The coronavirus outbreak in China has had major short-term negative effects on production activities. However, as of March 18th, within China it is largely contained, with zero new cases. The total number of global infection cases outside China has now surpassed the total number of cases in China, and the number is expanding rapidly. Industrial output in China fell -13.5% y/y in January-February, and investment fell -24.5% y/y. But we believe these two major indicators -- especially investment -- will recover soon.
We believe the Chinese economy and finance may be relatively stable, and recover quickly, amid global turmoil. Many economic activities have already recovered to a large extent, thanks to the “Internet plus” program initiated by the state council two years ago, which allows employees to work at home. The Chinese Central Bank has a long way to cut before reaching a zero interest rate, leaving room for further monetary easing, while other major economies’ central banks, including the Fed, now have interest rates near or at zero. The partially state-owned feature of the Chinese economy enables the government to effectively adopt targeted economic policies, such as extending financial favoritism to SMEs.

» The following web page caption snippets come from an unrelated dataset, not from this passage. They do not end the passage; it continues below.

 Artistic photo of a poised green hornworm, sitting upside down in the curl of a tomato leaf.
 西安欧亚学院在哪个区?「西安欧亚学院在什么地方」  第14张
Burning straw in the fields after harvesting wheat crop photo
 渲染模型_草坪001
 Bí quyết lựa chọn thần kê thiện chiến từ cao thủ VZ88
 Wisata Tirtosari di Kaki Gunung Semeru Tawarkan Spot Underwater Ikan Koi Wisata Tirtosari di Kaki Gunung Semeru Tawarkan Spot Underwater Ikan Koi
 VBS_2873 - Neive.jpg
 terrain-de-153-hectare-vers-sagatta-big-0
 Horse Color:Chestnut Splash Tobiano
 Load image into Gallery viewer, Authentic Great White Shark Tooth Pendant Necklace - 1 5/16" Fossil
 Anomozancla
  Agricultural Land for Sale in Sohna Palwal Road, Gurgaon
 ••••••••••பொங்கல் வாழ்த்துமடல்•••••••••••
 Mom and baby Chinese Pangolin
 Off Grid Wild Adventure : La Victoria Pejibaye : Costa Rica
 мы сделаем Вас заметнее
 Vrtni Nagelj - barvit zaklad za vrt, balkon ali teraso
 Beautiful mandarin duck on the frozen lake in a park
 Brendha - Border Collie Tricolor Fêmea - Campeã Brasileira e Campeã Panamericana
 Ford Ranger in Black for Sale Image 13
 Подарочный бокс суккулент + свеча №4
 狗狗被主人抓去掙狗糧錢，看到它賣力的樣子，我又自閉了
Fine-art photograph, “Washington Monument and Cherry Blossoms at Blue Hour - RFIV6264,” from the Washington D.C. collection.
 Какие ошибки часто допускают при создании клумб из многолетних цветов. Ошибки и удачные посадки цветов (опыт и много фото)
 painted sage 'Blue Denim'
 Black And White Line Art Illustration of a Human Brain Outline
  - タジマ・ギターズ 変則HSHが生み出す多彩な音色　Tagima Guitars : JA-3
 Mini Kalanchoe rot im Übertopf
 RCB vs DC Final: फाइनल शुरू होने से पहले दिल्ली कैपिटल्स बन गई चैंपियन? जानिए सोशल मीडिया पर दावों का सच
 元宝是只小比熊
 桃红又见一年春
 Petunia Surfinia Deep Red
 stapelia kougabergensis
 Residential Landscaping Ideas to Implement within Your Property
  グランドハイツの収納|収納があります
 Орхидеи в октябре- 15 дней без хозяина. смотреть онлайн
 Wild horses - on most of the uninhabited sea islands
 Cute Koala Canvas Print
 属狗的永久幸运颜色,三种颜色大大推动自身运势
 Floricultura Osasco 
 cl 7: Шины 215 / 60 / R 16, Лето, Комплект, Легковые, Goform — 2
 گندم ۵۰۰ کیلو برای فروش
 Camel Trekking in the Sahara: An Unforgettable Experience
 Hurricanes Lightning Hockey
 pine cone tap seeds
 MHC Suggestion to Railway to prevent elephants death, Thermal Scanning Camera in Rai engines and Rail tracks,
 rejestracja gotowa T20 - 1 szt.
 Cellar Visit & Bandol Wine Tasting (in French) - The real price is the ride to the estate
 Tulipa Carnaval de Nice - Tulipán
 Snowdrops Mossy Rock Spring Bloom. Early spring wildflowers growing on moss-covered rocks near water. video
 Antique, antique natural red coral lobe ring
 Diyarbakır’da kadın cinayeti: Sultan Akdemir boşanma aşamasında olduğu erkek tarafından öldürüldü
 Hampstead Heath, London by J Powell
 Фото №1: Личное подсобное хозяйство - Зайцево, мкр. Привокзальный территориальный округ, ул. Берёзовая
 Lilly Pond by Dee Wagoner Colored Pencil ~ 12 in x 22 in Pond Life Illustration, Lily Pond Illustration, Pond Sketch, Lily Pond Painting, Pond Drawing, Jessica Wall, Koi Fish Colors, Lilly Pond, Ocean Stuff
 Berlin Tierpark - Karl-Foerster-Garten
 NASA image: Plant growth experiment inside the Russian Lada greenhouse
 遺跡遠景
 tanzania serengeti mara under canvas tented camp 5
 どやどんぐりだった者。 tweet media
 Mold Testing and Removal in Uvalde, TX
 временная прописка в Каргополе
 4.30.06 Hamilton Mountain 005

Negatively impacted by the curfew, with malls and restaurants closed, retail sales of social consumption goods fell -20.5% y/y. In January-February, exports fell -15.9% y/y, down 20 pps from Q4 2019. Imports fell -2.4% y/y, down 7.6 pps from Q4. Even though we believe these major indicators will recover quickly, the worsening coronavirus situation in other countries will hurt trade. We don’t expect recovery to rebound to its pre-coronavirus level soon.
CPI rose significantly in January-February, by 5.3% y/y, and up 0.8 pps from December, due to transportation segmentation organized for the virus curfew. The collapse of major world commodities such as oil also negatively impacted Chinese producer prices. In February, the ex-factory price index of industrial goods fell -0.4% y/y, and PPI fell -0.5% y/y. Both indicators are continuing their declining trends.
The coronavirus, however, has not had the major impact on Chinese financial markets as it has on other production factors. Major financial indicators are mostly stable. At the end of February, M2 was up 8.8% y/y, the same as at the end of 2019, and M1 was up 4.8% y/y, or 0.4 pps.